**** Given data ****

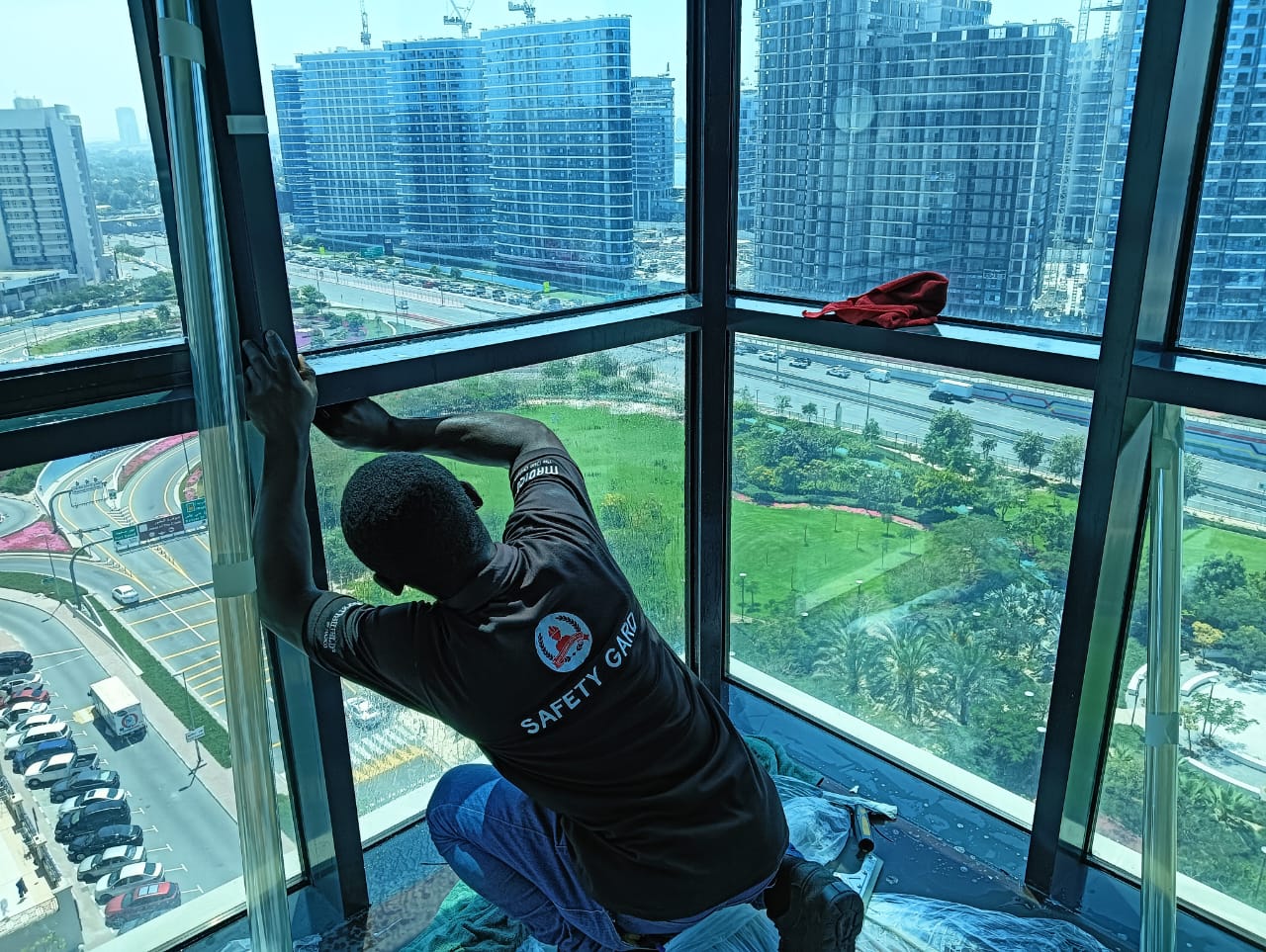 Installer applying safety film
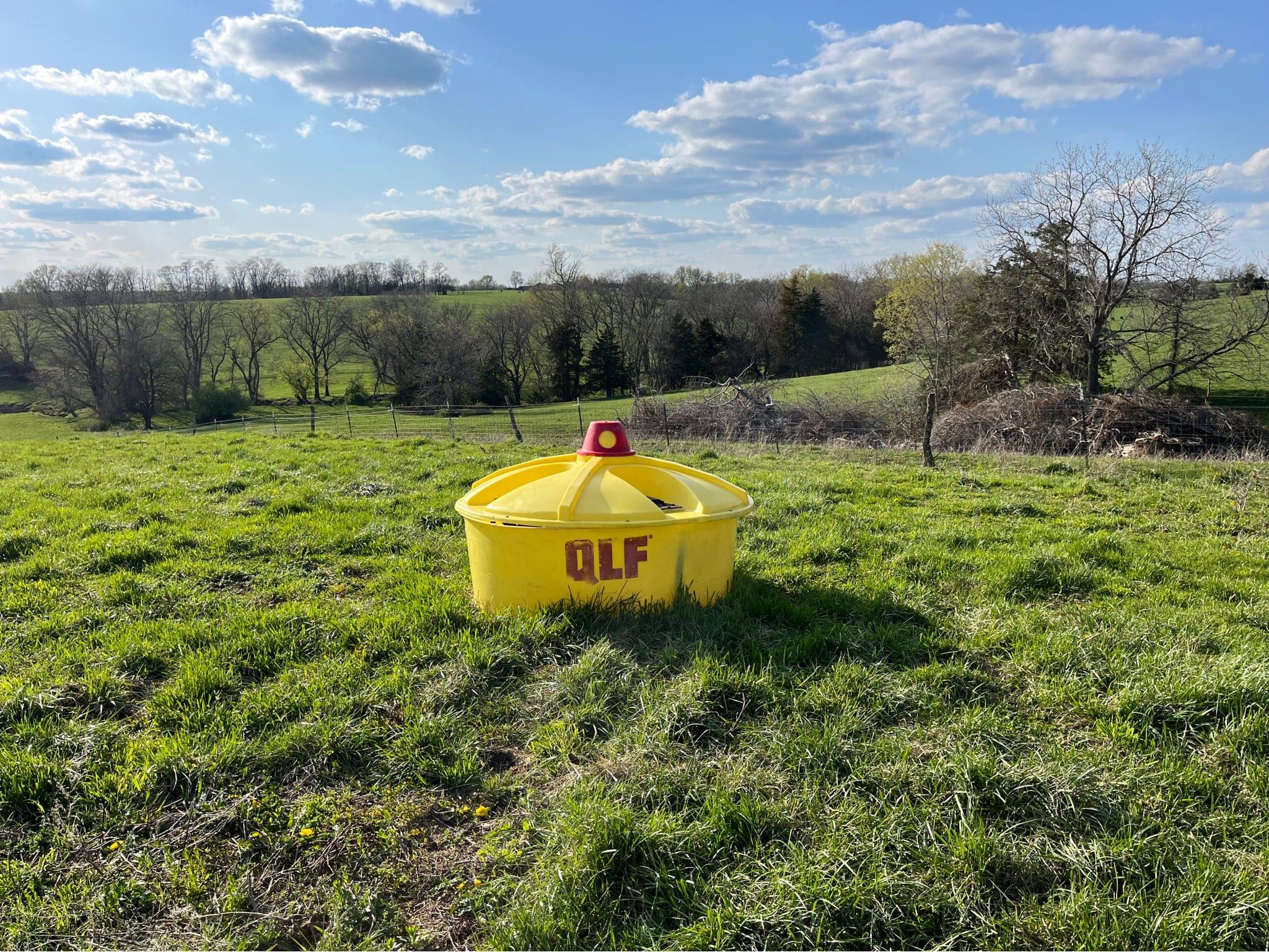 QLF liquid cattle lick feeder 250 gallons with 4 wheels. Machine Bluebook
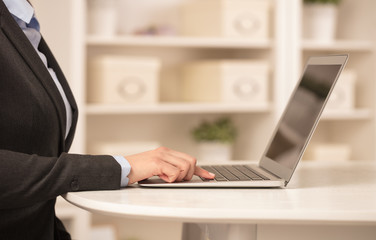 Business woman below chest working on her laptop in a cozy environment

****

-- What needs to be done --
Apart from the images, every line above needs to be printed again exactly.

-- Your response --
 Installer applying safety film
 QLF liquid cattle lick feeder 250 gallons with 4 wheels. Machine Bluebook
 Business woman below chest working on her laptop in a cozy environment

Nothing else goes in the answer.